Top of Source information

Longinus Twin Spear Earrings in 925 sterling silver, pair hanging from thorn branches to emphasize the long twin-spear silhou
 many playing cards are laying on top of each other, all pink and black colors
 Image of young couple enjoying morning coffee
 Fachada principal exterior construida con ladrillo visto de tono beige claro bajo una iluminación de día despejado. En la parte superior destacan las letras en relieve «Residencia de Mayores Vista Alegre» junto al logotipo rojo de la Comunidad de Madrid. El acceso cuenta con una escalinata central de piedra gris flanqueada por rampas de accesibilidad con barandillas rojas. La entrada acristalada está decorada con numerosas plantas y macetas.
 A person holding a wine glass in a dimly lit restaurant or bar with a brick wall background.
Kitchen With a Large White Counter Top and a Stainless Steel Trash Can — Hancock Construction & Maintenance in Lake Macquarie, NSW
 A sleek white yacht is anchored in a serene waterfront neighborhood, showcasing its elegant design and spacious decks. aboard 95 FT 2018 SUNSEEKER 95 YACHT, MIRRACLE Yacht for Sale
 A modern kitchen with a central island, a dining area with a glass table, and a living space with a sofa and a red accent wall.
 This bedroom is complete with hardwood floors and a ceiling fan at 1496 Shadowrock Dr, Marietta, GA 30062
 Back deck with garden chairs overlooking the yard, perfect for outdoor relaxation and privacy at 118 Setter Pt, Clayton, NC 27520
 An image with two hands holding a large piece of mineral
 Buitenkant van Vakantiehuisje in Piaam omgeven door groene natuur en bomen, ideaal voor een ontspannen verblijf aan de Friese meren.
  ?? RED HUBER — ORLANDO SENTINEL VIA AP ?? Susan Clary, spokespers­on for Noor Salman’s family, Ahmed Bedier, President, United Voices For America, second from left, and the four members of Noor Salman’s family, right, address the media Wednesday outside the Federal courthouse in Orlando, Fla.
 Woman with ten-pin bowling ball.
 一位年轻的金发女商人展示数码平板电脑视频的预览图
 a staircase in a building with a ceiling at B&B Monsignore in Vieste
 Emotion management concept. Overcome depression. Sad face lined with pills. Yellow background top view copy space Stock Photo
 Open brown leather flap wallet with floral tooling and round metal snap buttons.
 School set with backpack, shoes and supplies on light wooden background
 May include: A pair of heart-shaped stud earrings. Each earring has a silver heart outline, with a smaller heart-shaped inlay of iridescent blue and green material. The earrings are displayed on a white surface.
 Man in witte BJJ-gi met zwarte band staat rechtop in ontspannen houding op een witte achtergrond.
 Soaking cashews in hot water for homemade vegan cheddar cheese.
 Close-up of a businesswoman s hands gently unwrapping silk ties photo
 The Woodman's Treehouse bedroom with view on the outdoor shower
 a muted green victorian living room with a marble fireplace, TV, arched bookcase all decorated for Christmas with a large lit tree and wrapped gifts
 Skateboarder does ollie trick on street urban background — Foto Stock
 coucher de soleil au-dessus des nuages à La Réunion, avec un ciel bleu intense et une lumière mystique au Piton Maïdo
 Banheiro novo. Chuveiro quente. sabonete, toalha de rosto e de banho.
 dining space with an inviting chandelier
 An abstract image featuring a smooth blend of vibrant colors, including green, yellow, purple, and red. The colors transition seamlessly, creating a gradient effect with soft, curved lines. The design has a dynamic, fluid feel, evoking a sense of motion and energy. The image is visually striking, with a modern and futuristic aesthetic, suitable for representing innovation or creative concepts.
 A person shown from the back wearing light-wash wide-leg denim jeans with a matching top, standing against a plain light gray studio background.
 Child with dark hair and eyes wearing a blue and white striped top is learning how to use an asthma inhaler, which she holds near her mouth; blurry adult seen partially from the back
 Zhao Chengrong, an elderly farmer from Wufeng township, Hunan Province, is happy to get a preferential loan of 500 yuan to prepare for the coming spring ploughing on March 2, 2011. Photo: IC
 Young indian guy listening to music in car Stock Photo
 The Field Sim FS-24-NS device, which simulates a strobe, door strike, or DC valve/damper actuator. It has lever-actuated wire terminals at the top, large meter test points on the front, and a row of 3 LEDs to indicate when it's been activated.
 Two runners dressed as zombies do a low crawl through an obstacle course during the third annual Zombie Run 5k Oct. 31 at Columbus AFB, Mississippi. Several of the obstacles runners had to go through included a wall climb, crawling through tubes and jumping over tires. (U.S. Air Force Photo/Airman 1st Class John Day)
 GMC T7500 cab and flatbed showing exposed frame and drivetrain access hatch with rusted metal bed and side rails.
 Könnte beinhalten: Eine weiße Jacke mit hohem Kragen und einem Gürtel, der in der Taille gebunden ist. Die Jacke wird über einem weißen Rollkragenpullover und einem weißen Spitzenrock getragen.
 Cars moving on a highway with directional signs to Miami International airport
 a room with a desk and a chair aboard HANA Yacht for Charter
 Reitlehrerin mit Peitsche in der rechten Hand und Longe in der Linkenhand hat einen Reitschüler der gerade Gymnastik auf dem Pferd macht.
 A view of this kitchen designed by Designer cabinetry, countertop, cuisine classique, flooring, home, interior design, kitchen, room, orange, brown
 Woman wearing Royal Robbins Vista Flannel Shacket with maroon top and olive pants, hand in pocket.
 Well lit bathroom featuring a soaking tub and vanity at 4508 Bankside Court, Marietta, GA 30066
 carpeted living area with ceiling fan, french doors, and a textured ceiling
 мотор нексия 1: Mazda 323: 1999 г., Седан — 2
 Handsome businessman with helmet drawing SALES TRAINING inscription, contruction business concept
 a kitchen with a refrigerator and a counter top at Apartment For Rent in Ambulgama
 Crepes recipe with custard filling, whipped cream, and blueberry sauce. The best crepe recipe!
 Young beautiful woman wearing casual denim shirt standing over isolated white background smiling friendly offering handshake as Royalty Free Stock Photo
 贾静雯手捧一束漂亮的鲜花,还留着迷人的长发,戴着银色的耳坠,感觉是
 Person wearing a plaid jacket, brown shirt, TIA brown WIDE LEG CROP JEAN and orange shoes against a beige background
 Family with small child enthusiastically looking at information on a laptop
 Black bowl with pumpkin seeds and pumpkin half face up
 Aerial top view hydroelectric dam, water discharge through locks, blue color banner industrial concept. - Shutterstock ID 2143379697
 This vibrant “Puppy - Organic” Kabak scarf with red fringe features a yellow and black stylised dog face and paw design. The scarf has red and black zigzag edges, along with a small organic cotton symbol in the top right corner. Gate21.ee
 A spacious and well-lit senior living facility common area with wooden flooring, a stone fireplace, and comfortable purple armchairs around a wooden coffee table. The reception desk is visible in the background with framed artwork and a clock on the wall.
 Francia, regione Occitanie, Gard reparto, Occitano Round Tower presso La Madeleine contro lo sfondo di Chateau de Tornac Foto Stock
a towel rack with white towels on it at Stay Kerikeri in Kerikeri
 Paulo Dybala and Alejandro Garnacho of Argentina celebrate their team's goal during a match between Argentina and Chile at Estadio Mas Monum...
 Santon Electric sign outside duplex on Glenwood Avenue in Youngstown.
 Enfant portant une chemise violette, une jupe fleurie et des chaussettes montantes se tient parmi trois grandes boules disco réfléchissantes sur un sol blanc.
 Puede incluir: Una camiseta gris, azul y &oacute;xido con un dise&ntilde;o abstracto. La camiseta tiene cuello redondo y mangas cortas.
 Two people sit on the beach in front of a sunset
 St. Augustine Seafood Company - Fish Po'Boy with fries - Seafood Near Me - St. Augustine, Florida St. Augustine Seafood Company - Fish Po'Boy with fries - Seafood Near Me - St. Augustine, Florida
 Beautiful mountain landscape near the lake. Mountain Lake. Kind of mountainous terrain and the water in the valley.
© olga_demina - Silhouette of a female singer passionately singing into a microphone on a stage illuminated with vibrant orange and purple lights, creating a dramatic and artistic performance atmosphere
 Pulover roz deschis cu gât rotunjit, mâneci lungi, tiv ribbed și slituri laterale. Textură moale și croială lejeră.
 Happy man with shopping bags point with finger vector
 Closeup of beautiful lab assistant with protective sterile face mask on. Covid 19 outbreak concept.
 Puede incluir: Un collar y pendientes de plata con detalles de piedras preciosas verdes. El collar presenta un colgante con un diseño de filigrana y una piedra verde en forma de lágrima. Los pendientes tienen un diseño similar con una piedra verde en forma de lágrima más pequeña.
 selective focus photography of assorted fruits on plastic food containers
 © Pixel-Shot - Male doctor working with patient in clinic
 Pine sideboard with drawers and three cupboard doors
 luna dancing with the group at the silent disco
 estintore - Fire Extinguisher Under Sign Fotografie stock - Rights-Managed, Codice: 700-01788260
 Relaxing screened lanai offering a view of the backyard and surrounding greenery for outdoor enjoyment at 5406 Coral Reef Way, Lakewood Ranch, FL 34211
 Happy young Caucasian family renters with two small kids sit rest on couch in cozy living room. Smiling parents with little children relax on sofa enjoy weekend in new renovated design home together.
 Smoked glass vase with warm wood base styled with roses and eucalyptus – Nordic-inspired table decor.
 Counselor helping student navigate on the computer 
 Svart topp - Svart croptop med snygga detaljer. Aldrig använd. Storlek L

Bottom of Source information

■ **Task details**:
Report how many lines above hold "purple", number only.

■ **Output for this exercise**:
3